From: "Michael S. Tsirkin" <mst@redhat.com>
To: Jason Wang <jasowang@redhat.com>
Cc: maciej.fijalkowski@intel.com,
virtualization@lists.linux-foundation.org, bjorn@kernel.org,
jonathan.lemon@gmail.com, magnus.karlsson@intel.com
Subject: Re: [PATCH vhost 07/10] virtio_ring: add api virtio_dma_map() for advance dma
Date: Thu, 2 Mar 2023 01:09:04 -0500 [thread overview]
Message-ID: <20230302005901-mutt-send-email-mst@kernel.org> (raw)
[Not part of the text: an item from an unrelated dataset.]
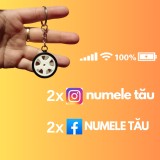 Cumpara ieftin Set Accesorii Auto 3D , Breloc Roata + Stickere Instagram, Facebook, WiFi E i Baterie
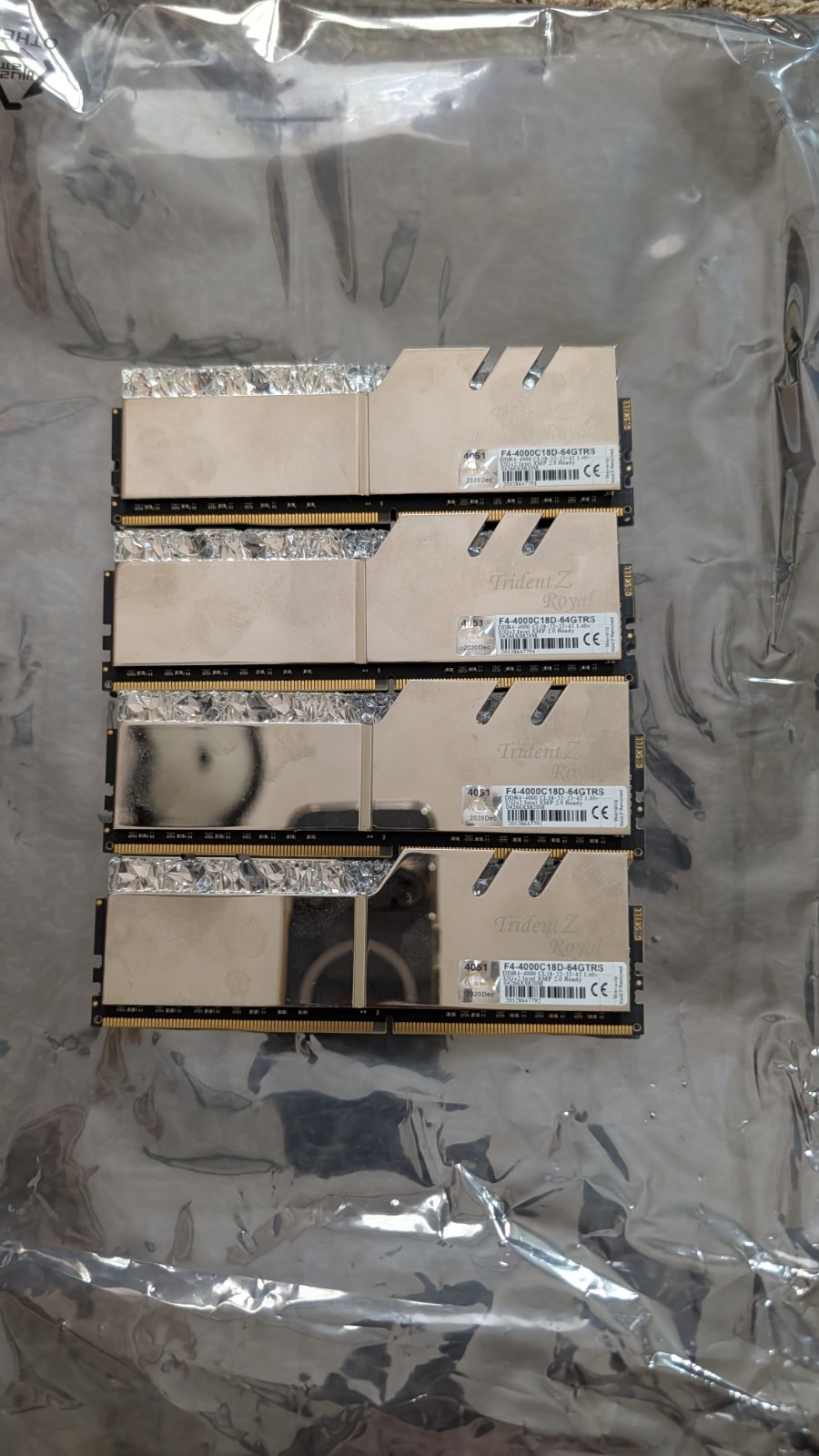 G.Skill Trident Z Royal DDR4-4000MHz 128GB Desktop Memory (4 X 32Gb -128GTRS)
In-Reply-To: <CACGkMEsXp2wvLJ=DcrVcKDQZWs8djf+iFKaPsX2-xp3vZa0TvA@mail.gmail.com>
On Thu, Mar 02, 2023 at 11:26:53AM +0800, Jason Wang wrote:
> On Thu, Mar 2, 2023 at 11:24 AM Xuan Zhuo <xuanzhuo@linux.alibaba.com> wrote:
> >
> > On Thu, 2 Mar 2023 11:05:26 +0800, Jason Wang <jasowang@redhat.com> wrote:
> > > On Thu, Mar 2, 2023 at 10:24 AM Xuan Zhuo <xuanzhuo@linux.alibaba.com> wrote:
> > > >
> > > > On Tue, 28 Feb 2023 19:15:23 +0800, Xuan Zhuo <xuanzhuo@linux.alibaba.com> wrote:
> > > > > On Tue, 21 Feb 2023 09:51:07 +0800, Jason Wang <jasowang@redhat.com> wrote:
> > > > > > On Mon, Feb 20, 2023 at 3:02 PM Xuan Zhuo <xuanzhuo@linux.alibaba.com> wrote:
> > > > > > >
> > > > > > > On Mon, 20 Feb 2023 13:38:24 +0800, Jason Wang <jasowang@redhat.com> wrote:
> > > > > > > > On Tue, Feb 14, 2023 at 3:27 PM Xuan Zhuo <xuanzhuo@linux.alibaba.com> wrote:
> > > > > > > > >
> > > > > > > > > Added virtio_dma_map() to map DMA addresses for virtual memory in
> > > > > > > > > advance. The purpose is to keep memory mapped across multiple add/get
> > > > > > > > > buf operations.
> > > > > > > >
> > > > > > > > I wonder if instead of exporting helpers like this, it might be simple
> > > > > > > > to just export dma_dev then the upper layer can use DMA API at will?
> > > > > > >
> > > > > > >
> > > > > > > The reason for not doing this, Virtio is not just using DMA_DEV to mapp, but
> > > > > > > also check whether DMA is used.
> > > > > >
> > > > > > We should let the DMA API decide by exporting a correct dma_dev. E.g
> > > > > > when ACCESS_PLATFORM is not negotiated, advertising a DMA dev without
> > > > > > dma_ops.
> > > > >
> > > > >
> > > > > Do you mean we provide this API?
> > > > >
> > > > > virtio_get_dma_dev()
> > > > >
> > > > > If it returns NULL, the caller will use the physical memory address directly. If
> > > > > this func return a dma_dev, the caller should use DMA API.
> > > >
> > > >
> > > > cc the XDP_SOCKET's maintainers.
> > > >
> > > > First of all, Jason does not want to encapsulate the API of DMA by Virtio. It is
> > > > best to pass DMA Device to XSK, XSK uses DMA API for DMA MAP operation directly.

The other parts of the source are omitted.